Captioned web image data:
▼
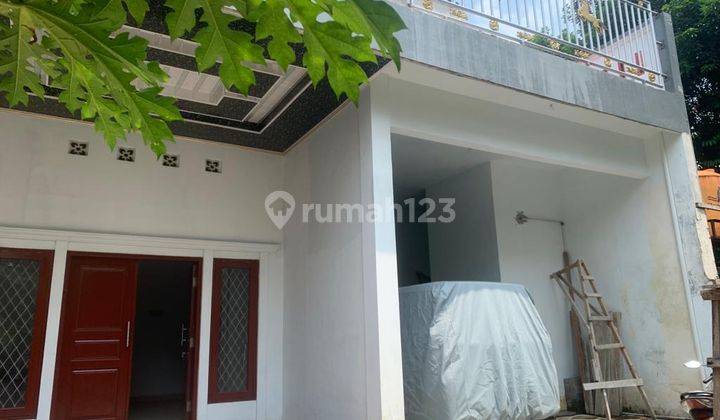 Rumah Bisa Buat Kantor  , parkir 3 mobil Wan 1
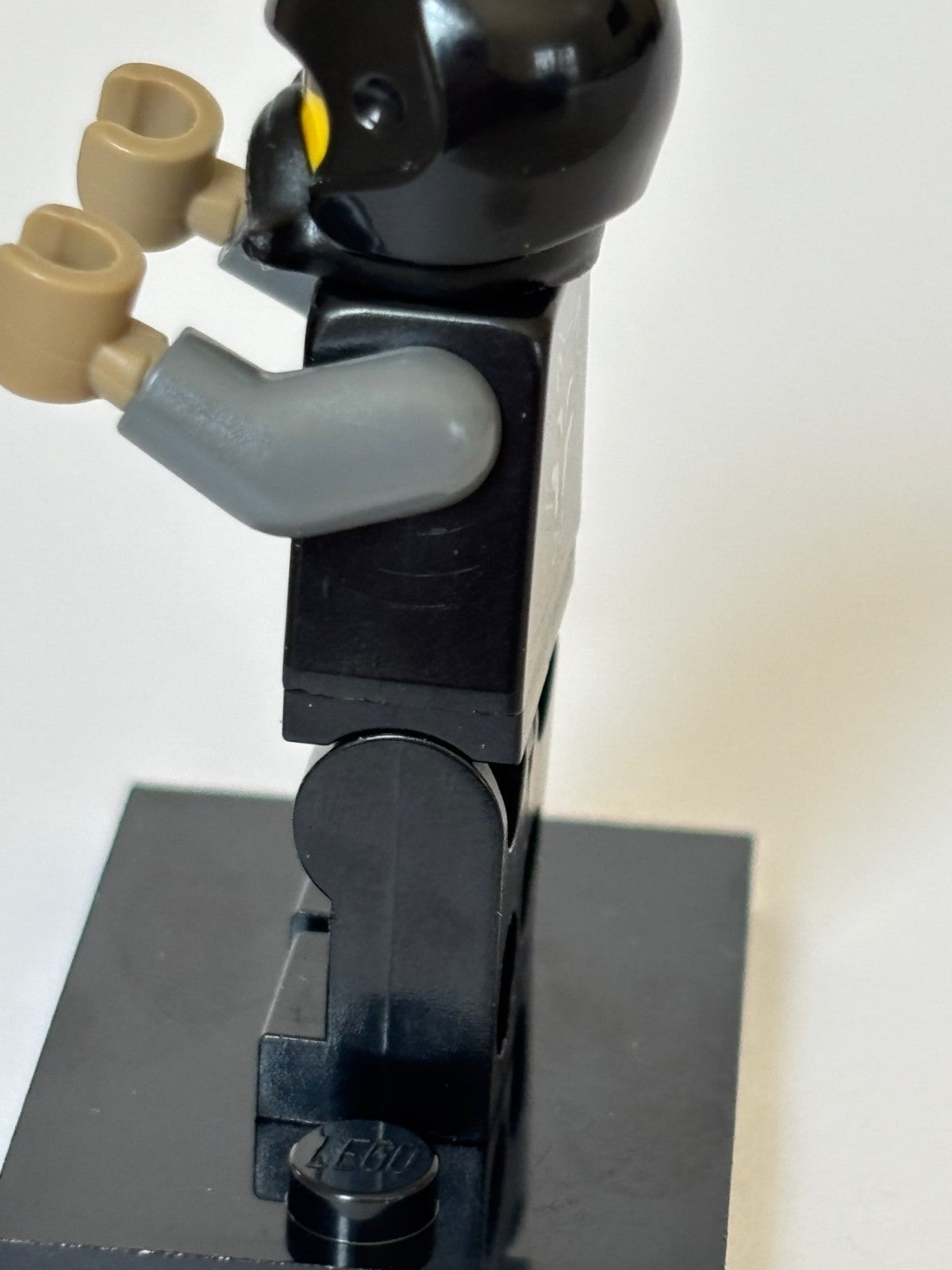 LEGO Stuntz Driver Lone Wolf Biker Minifigure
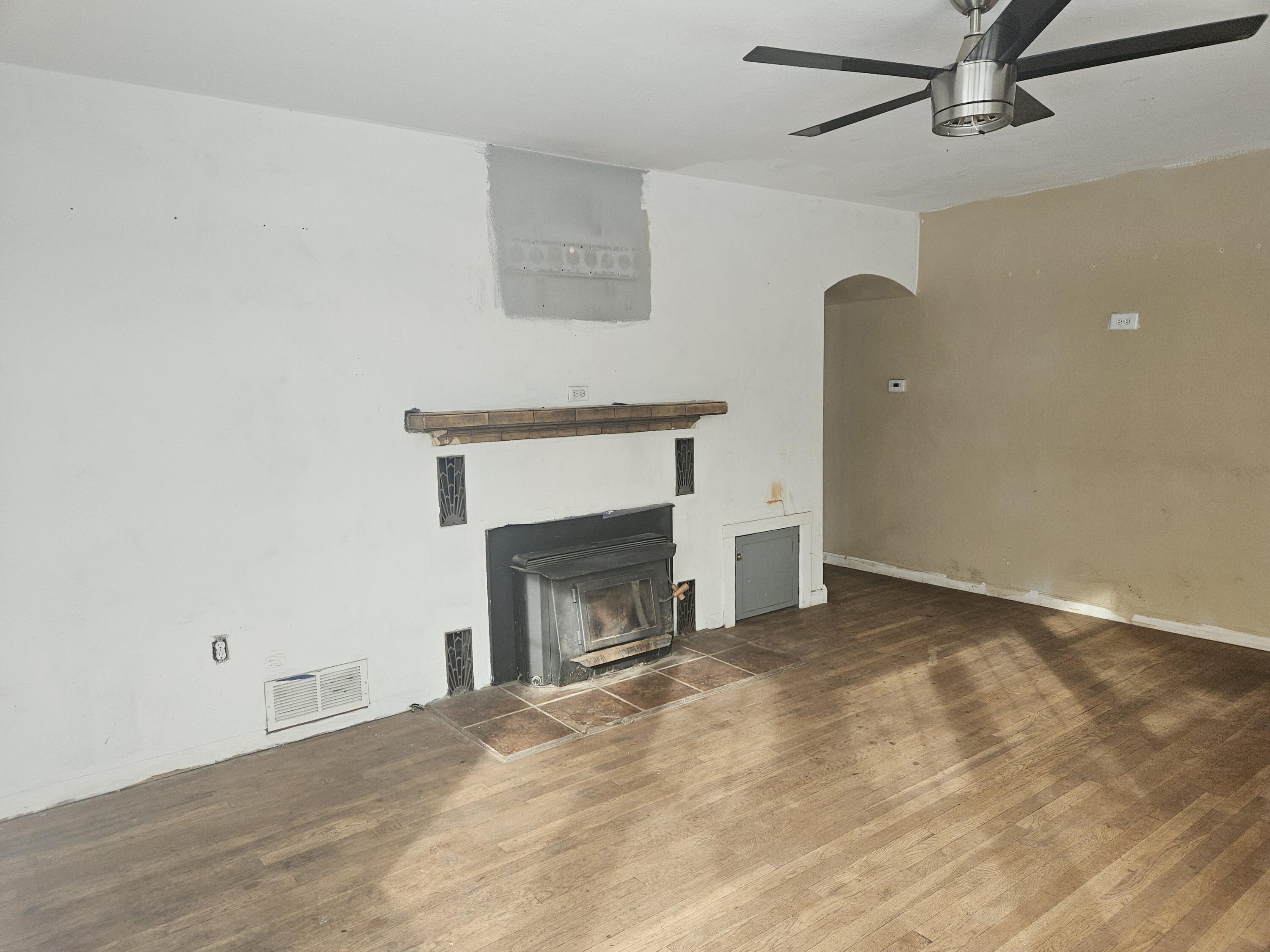 413 South H Street Lakeview, OR 97630 - Photo 3 of 17 3. Living room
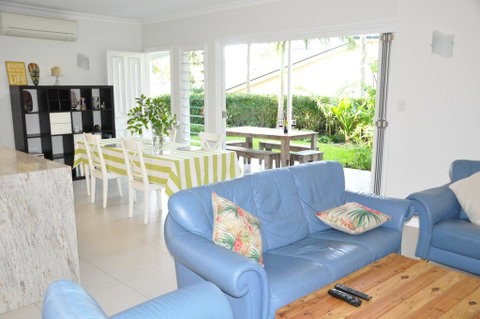MODERN 3 BEDROOM APARTMENT IN TRADITIONAL QUEENSLANDER , PATIO, LEAFY YARD, POOL - Accommodation Rockhampton 0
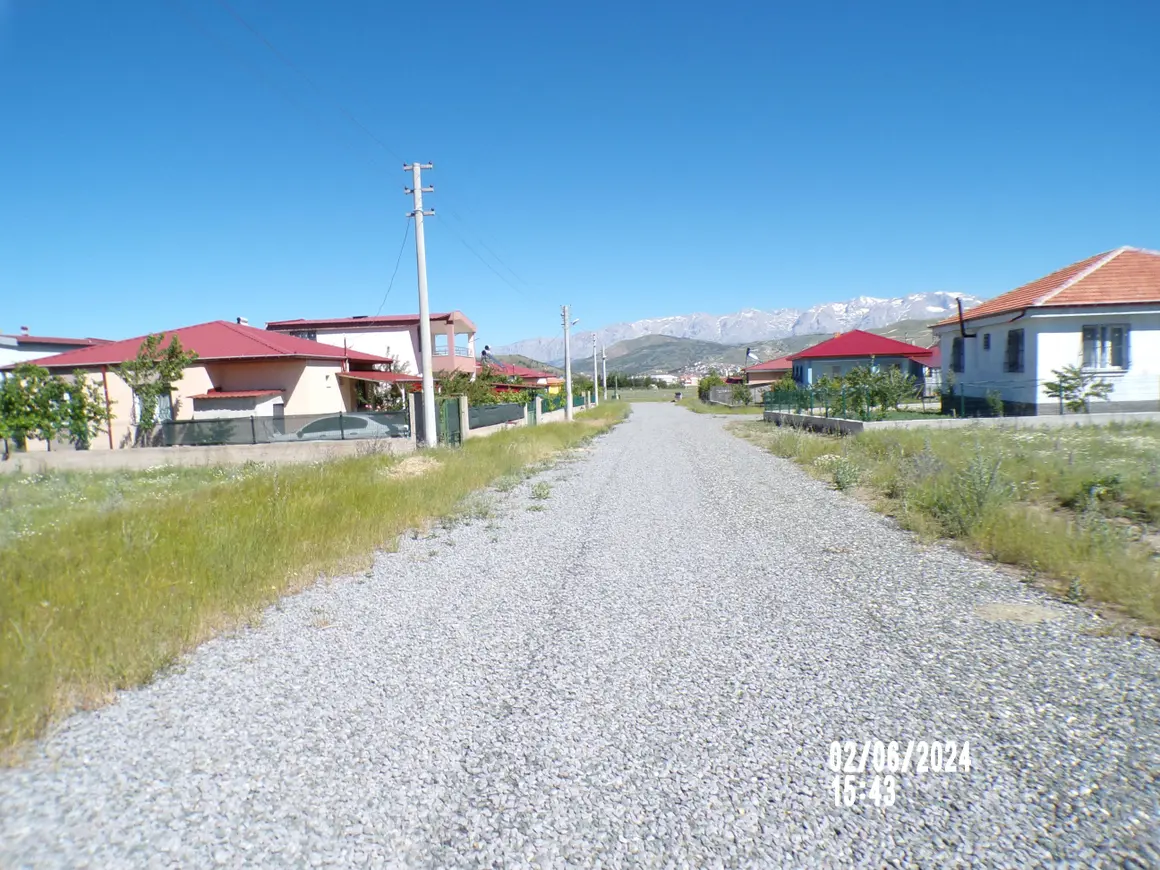 Niğde Ulukışla Kemalpaşa Mahallesi 436 m² satılık konut arsa - Fotoğraf 1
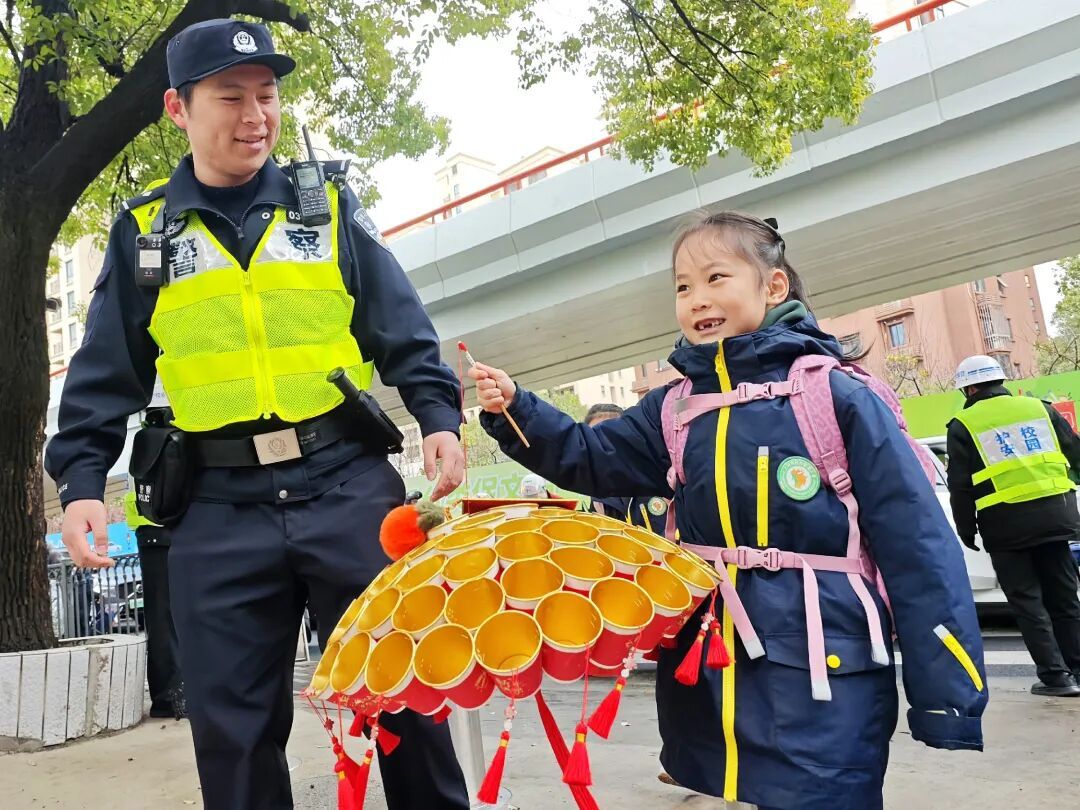 上海公安机关多措并举护航春季开学 上海公安机关多措并举护航春季开学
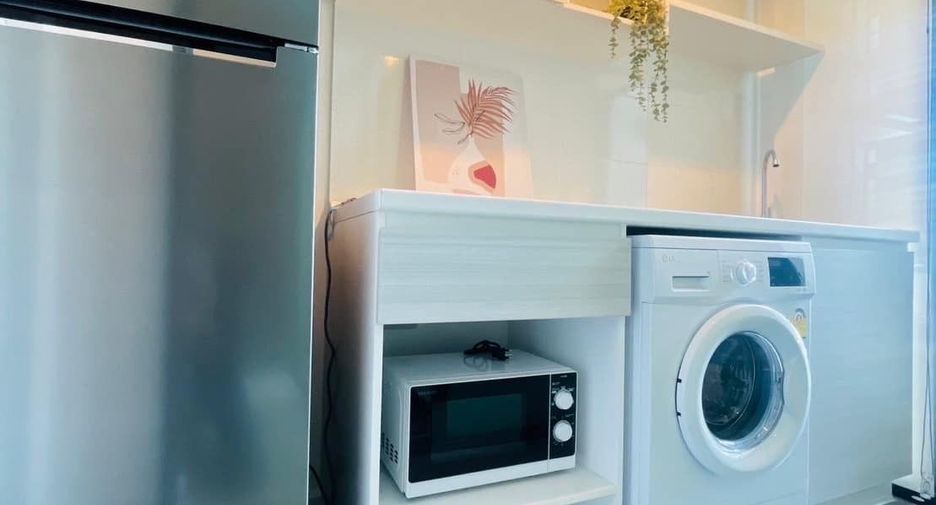 For rent 2 bedrooms condo in Bang Sue, Bangkok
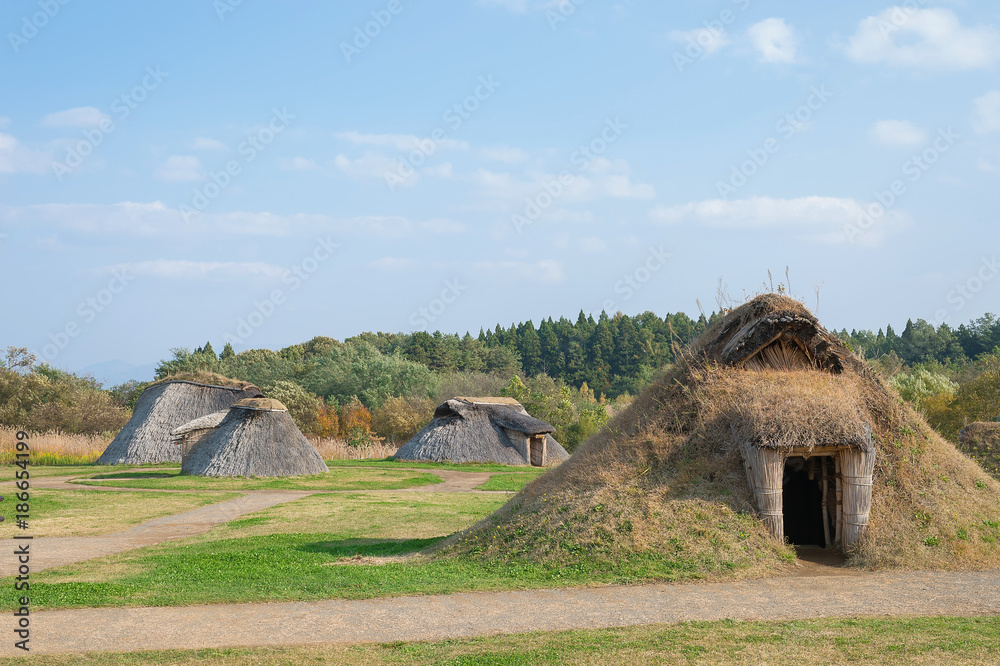  Foto zu 三内丸山遺跡の竪穴住居、掘立柱建物の復元建造物 Stock Photo 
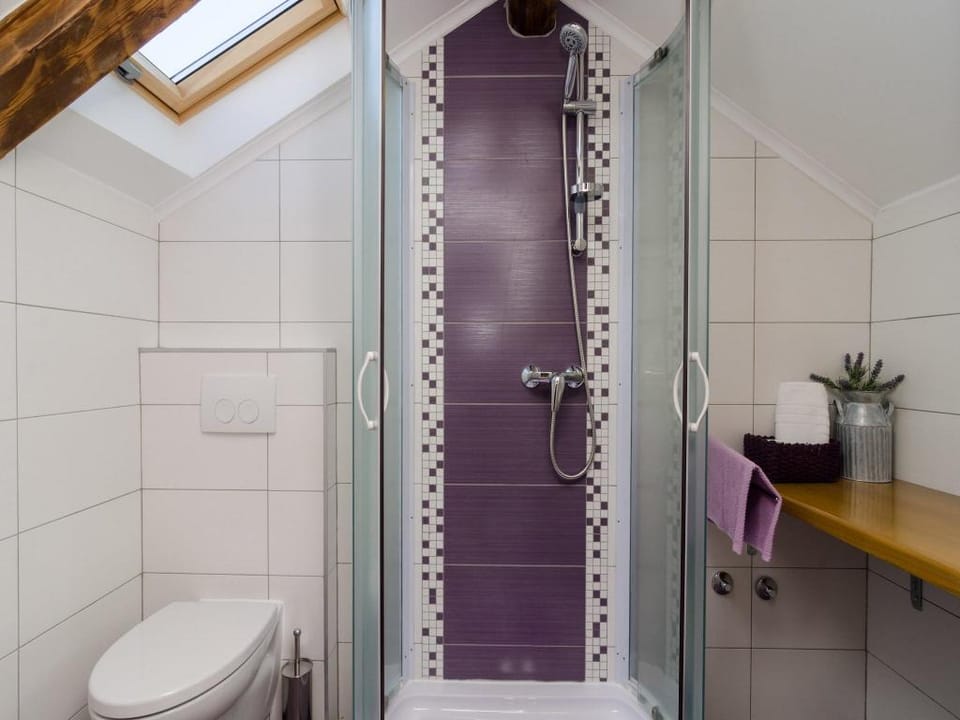 Lavender Garden Apartments - Comfort Studio Apartment with Side Sea View Second Floor - APT 5 Apartment in Dubrovnik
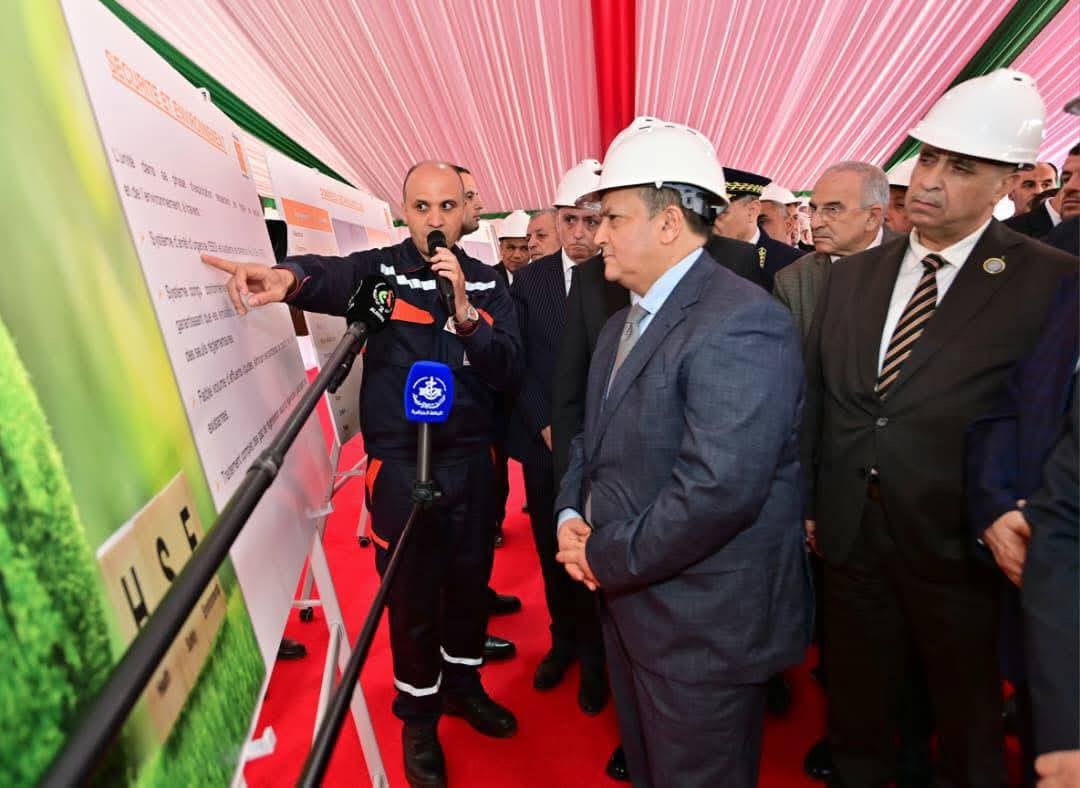 من مراسم إحياء ذكرى تأميم المحروقات في الجزائر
▲
◆ **Exercise description**
Each entry must be retyped word for word, with every image omitted.

◆ **Reply to the exercise**
 Rumah Bisa Buat Kantor  , parkir 3 mobil Wan 1
 LEGO Stuntz Driver Lone Wolf Biker Minifigure
 413 South H Street Lakeview, OR 97630 - Photo 3 of 17 3. Living room
MODERN 3 BEDROOM APARTMENT IN TRADITIONAL QUEENSLANDER , PATIO, LEAFY YARD, POOL - Accommodation Rockhampton 0
 Niğde Ulukışla Kemalpaşa Mahallesi 436 m² satılık konut arsa - Fotoğraf 1
 上海公安机关多措并举护航春季开学 上海公安机关多措并举护航春季开学
 For rent 2 bedrooms condo in Bang Sue, Bangkok
  Foto zu 三内丸山遺跡の竪穴住居、掘立柱建物の復元建造物 Stock Photo 
 Lavender Garden Apartments - Comfort Studio Apartment with Side Sea View Second Floor - APT 5 Apartment in Dubrovnik
 من مراسم إحياء ذكرى تأميم المحروقات في الجزائر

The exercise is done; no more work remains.